We recently got to try InnoDB compression with some of our data, in Percona MySQL 5.6. Packed down about 3 to 1, and we’ve yet to see problems, but it’s the early days for us so we’ll see(/don’t take it as a promise that it’s great). I recall we had more trouble with 5.1 compression, but I’m not the primary DBA and have forgotten any details I once knew. We haven’t tried other algorithms yet (see https://www.percona.com/blog/2016/04/13/evaluating-database-compression-methods-update/); lz4 or zstd may help us if CPU use becomes an issue.
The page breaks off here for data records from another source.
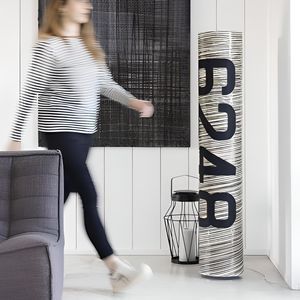 colonna luminosa contemporanea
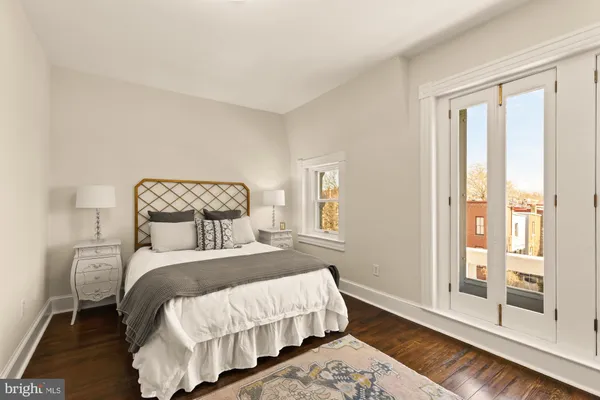 $1,745,000 | 111 5th Street Southeast, Washington, DC 20003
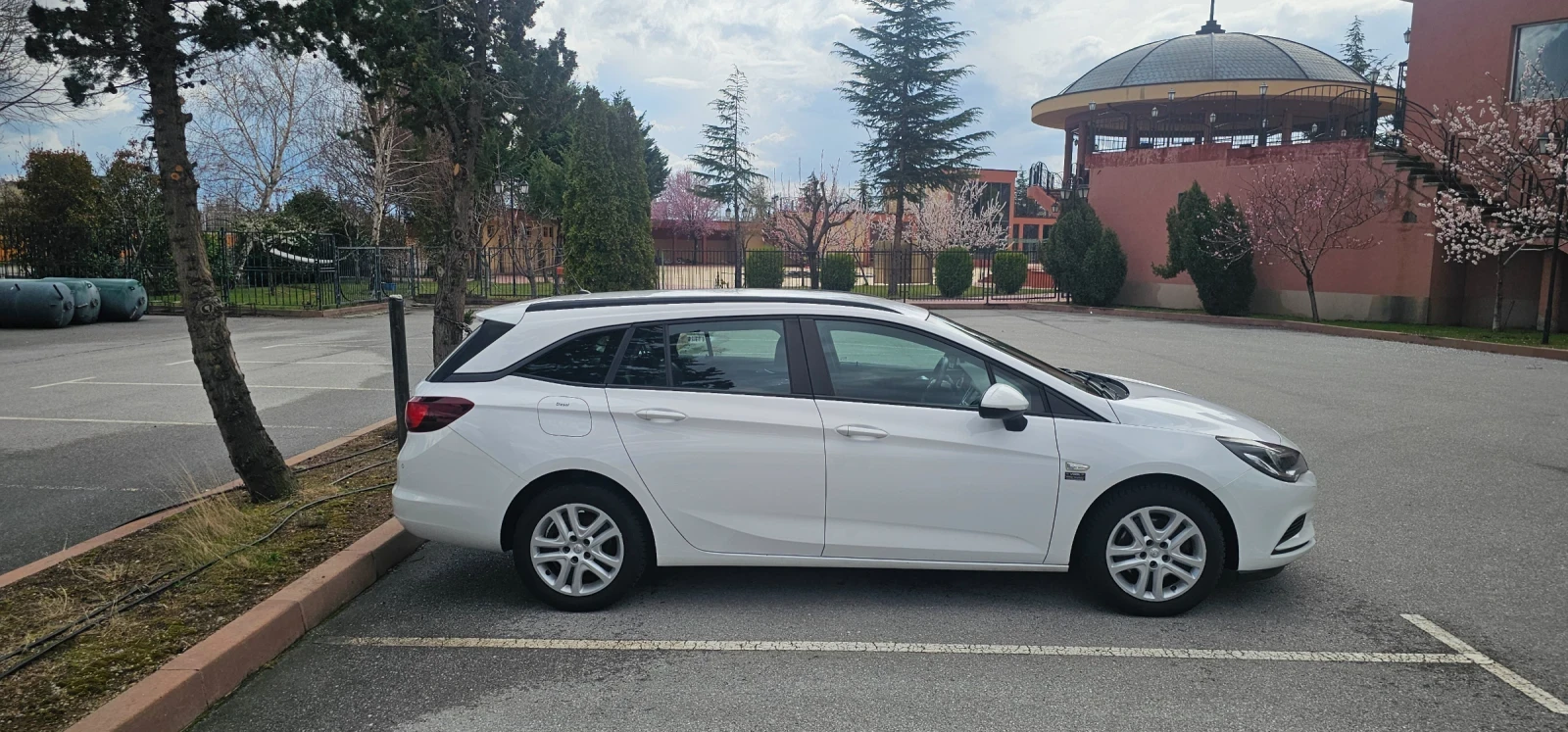 Opel Astra Sports Tourer 1.6 136hp, снимка 3 - Автомобили и джипове - 54046938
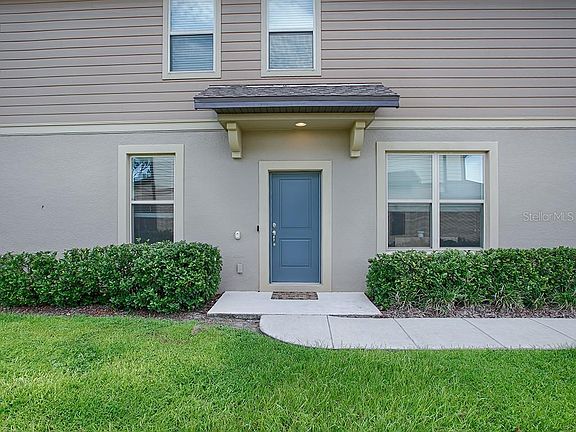 2nd image of 1097 Pavia Dr
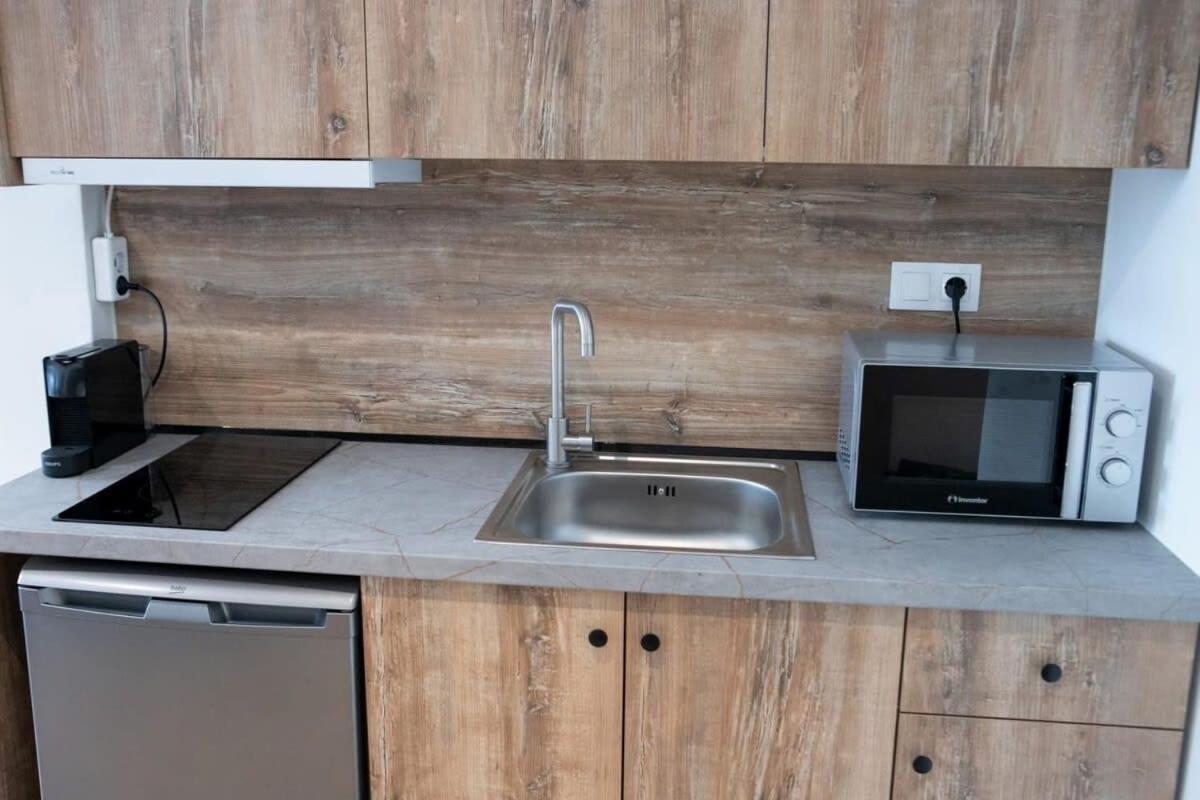 Apartamento Cozy Modern Studio In Tesalónica Exterior foto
We’re also kind of interested in partitioning; right now, certain queries wind up bringing lots of historical data into RAM when we only care about, say, particular users' recent activity. Having a small “recent” partition could help with that it (relatively transparently from the app’s perspective even), but we would love to know more about people’s experiences with the partitioning and its effectiveness/quirks/gotchas before diving in.
Edit: On Kevin’s theme of dumb tricks to shrink data, one we use is memoizing/interning/normalizing often-repeated values. Like, instead of storing a User-Agent or Referer raw for each hit, maintain another table with each unique agent/referrer and store a user_agent_id. Of course that carries its own issues, e.g. values used only once are more expensive to store, and getting rid of values only used in old data is kind of tricky. At our size in our use case it’s been handy; probably not equally so at smaller or larger scales.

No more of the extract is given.